◆ What is needed ◆
In the material below, the lines between the one holding "Pokemon canaréel" and the one holding "Ruban LED 24V", inclusive, are to be set down word for word. Pictures stay out.

◆ Exercise inputs ◆

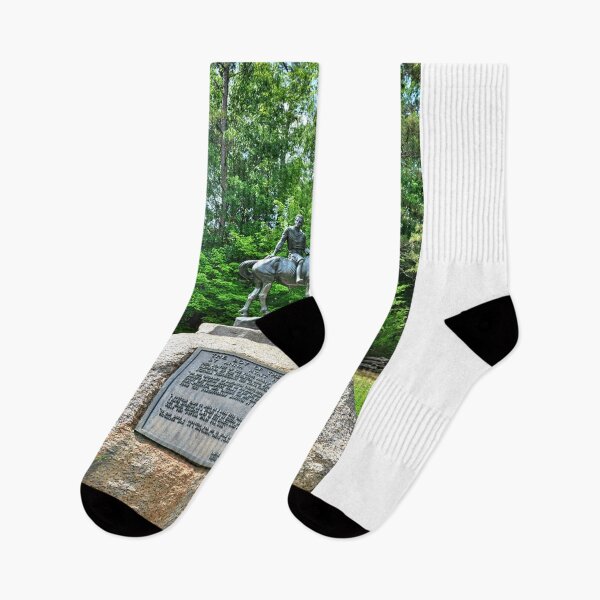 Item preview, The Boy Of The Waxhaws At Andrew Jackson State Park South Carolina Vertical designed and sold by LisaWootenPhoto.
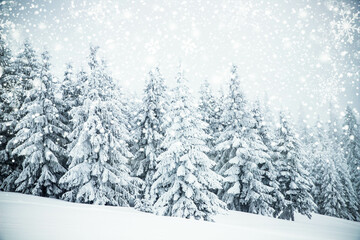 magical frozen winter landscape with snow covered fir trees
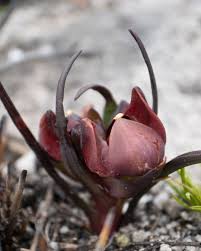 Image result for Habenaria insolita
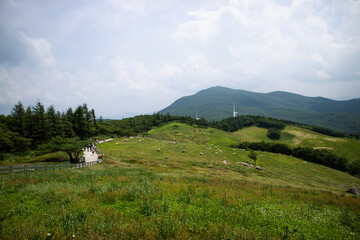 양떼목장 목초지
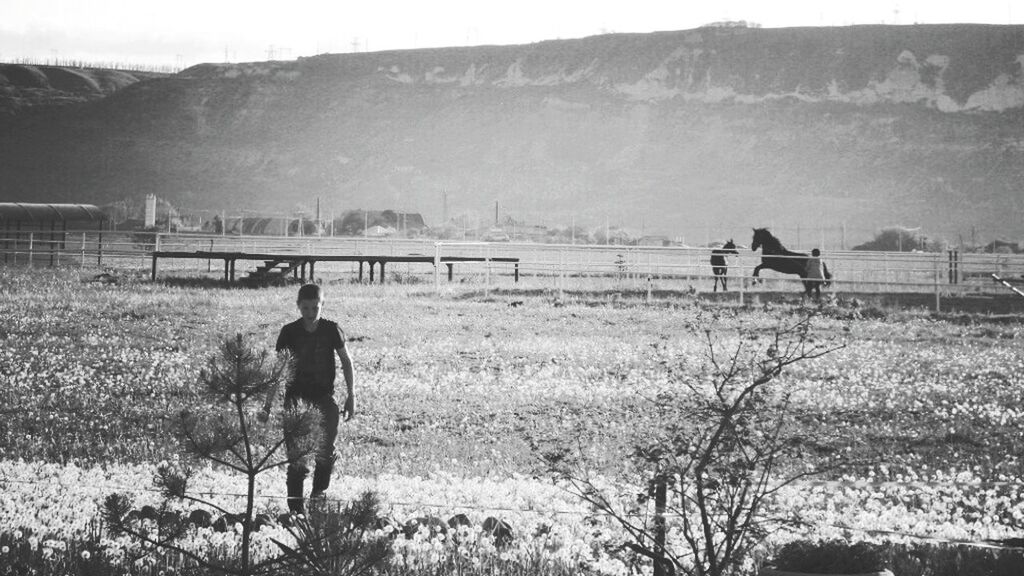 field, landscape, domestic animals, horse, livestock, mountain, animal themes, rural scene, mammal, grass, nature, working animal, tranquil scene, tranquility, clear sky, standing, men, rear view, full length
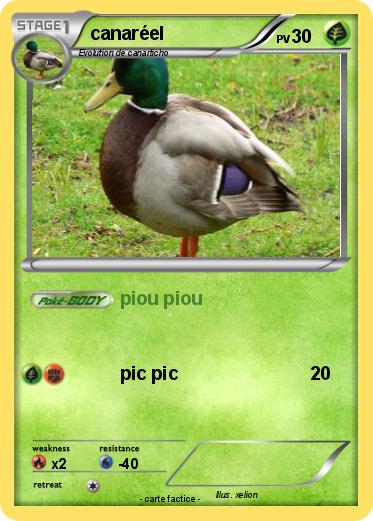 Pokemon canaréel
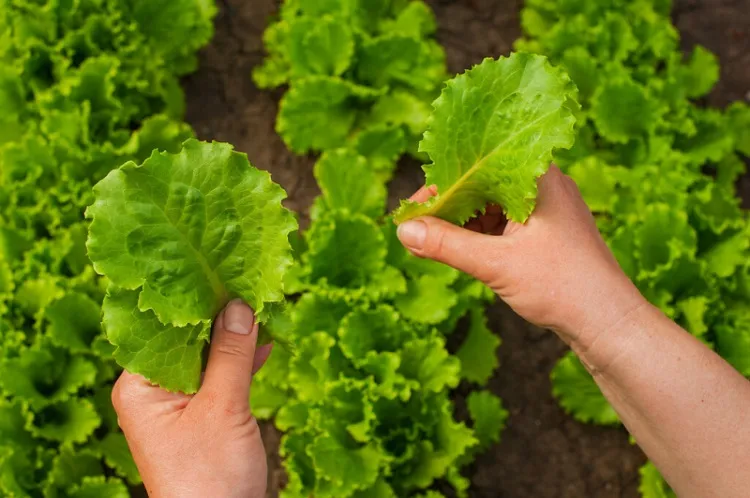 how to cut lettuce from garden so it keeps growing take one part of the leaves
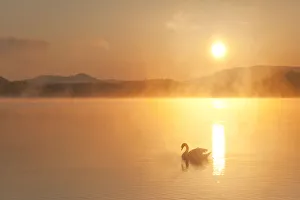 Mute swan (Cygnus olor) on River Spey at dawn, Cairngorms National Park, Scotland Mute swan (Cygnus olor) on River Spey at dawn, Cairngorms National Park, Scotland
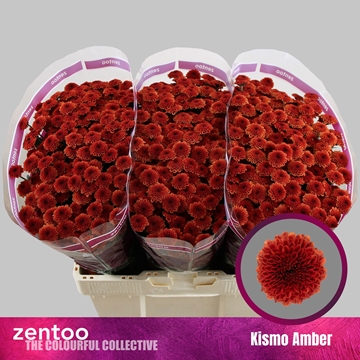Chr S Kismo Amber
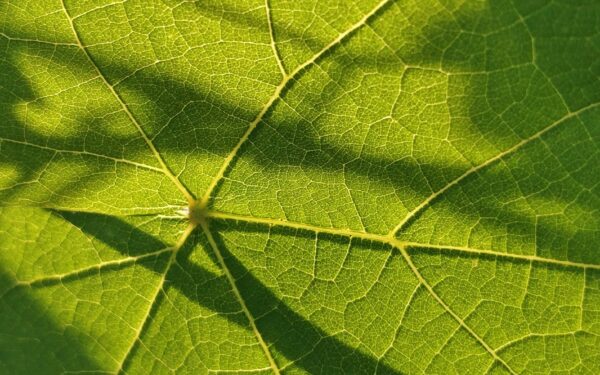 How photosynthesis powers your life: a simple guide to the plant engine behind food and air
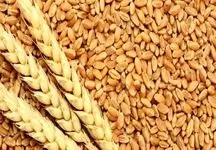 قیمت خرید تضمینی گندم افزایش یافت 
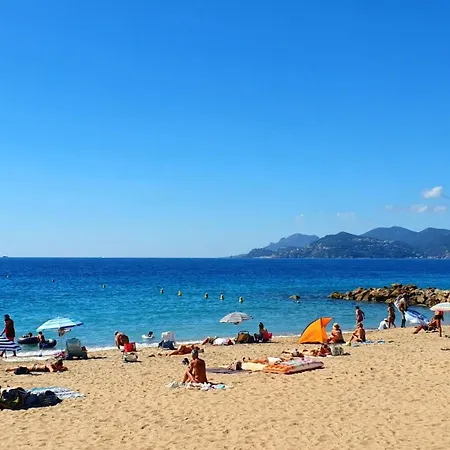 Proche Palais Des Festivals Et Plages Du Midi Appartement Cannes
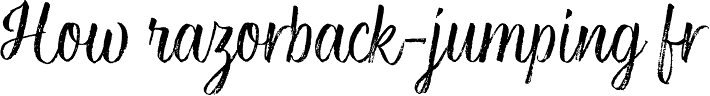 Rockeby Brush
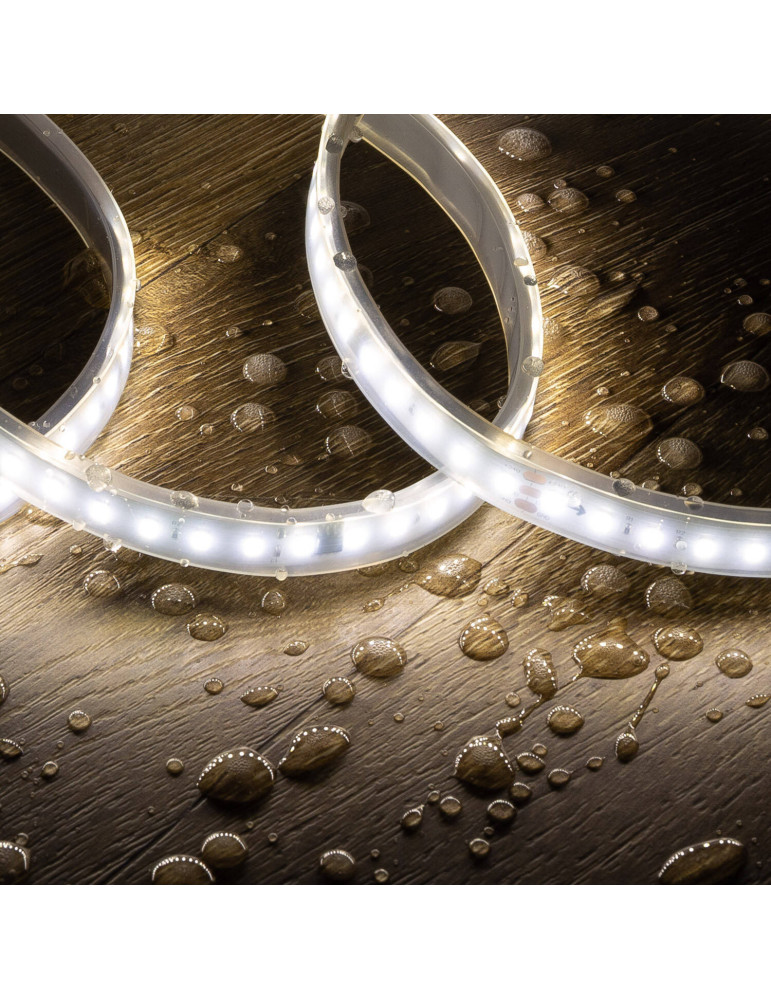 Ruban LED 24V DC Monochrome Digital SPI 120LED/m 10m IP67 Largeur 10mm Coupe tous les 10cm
--
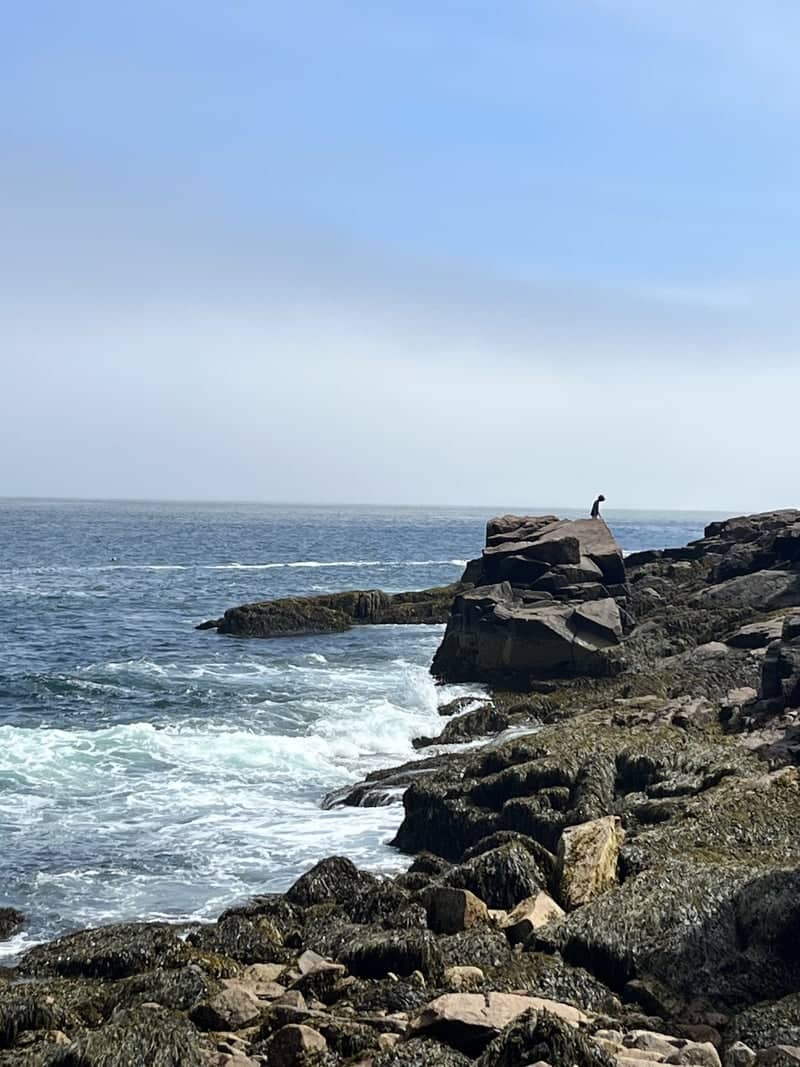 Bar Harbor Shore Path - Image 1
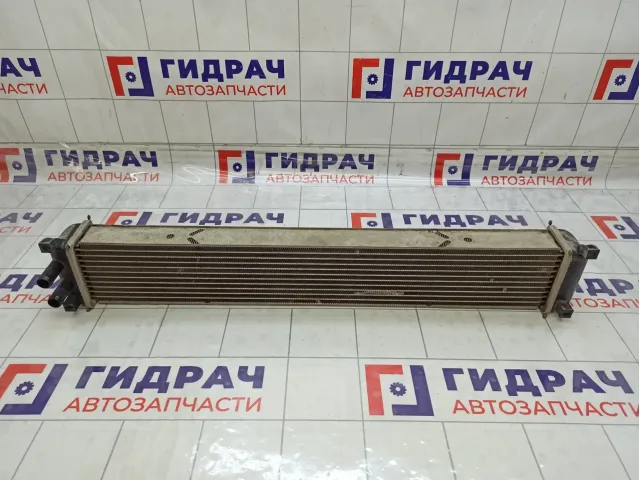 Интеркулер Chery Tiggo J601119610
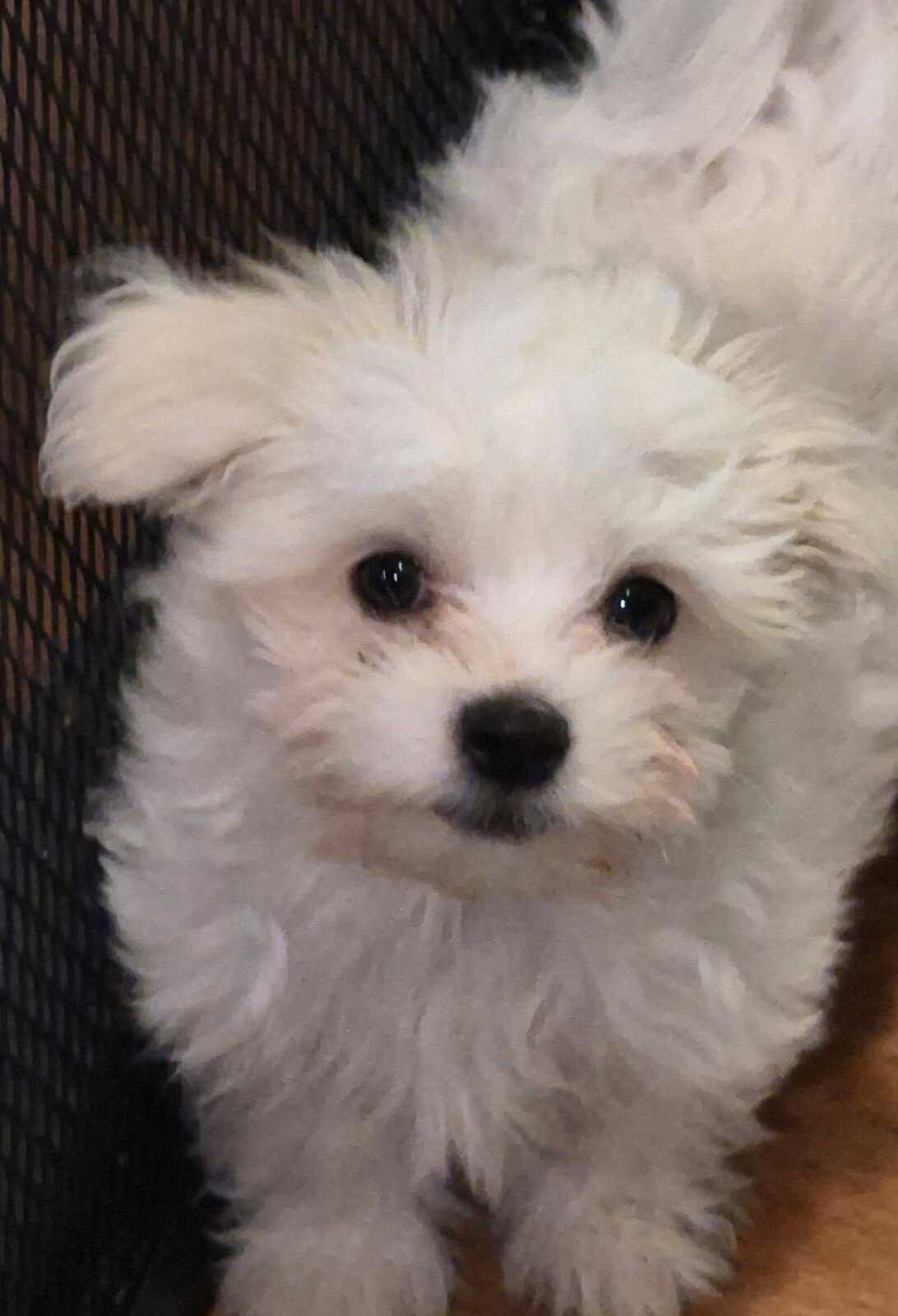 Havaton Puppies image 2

◆ Answer for this exercise ◆
 Pokemon canaréel
 how to cut lettuce from garden so it keeps growing take one part of the leaves
 Mute swan (Cygnus olor) on River Spey at dawn, Cairngorms National Park, Scotland Mute swan (Cygnus olor) on River Spey at dawn, Cairngorms National Park, Scotland
Chr S Kismo Amber
 How photosynthesis powers your life: a simple guide to the plant engine behind food and air
 قیمت خرید تضمینی گندم افزایش یافت 
 Proche Palais Des Festivals Et Plages Du Midi Appartement Cannes
 Rockeby Brush
 Ruban LED 24V DC Monochrome Digital SPI 120LED/m 10m IP67 Largeur 10mm Coupe tous les 10cm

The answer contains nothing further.